Segment Open

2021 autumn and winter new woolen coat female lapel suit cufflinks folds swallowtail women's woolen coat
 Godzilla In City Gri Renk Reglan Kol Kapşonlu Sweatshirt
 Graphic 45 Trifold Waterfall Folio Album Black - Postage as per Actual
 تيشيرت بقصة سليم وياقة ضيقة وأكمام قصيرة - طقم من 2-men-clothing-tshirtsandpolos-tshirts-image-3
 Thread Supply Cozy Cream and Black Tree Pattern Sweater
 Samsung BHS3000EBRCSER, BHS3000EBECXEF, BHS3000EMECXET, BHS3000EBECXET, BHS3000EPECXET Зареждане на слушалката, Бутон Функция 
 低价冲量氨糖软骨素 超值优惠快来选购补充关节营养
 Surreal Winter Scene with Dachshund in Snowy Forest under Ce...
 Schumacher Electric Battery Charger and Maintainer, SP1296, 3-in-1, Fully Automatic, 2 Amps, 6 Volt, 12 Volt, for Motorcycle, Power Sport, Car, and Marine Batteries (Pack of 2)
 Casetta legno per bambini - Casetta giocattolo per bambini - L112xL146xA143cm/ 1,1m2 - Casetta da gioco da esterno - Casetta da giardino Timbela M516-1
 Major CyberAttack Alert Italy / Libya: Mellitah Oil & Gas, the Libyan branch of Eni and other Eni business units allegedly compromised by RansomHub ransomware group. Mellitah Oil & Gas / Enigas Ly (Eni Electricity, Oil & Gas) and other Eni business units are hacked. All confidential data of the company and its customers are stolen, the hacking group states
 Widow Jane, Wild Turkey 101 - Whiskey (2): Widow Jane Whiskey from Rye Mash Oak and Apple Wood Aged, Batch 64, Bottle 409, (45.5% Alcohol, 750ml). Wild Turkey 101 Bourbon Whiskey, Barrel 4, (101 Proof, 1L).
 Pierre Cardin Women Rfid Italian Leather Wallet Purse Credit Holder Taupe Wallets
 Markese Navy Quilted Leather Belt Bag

Segment Closed

■ **Action item**: All lines in the listing above between the line with "تيشيرت بقصة سليم" and the line with "Schumacher Electric Battery", inclusive, should be set down exactly, and no line outside that range.

■ **Solution for this exercise**:
 تيشيرت بقصة سليم وياقة ضيقة وأكمام قصيرة - طقم من 2-men-clothing-tshirtsandpolos-tshirts-image-3
 Thread Supply Cozy Cream and Black Tree Pattern Sweater
 Samsung BHS3000EBRCSER, BHS3000EBECXEF, BHS3000EMECXET, BHS3000EBECXET, BHS3000EPECXET Зареждане на слушалката, Бутон Функция 
 低价冲量氨糖软骨素 超值优惠快来选购补充关节营养
 Surreal Winter Scene with Dachshund in Snowy Forest under Ce...
 Schumacher Electric Battery Charger and Maintainer, SP1296, 3-in-1, Fully Automatic, 2 Amps, 6 Volt, 12 Volt, for Motorcycle, Power Sport, Car, and Marine Batteries (Pack of 2)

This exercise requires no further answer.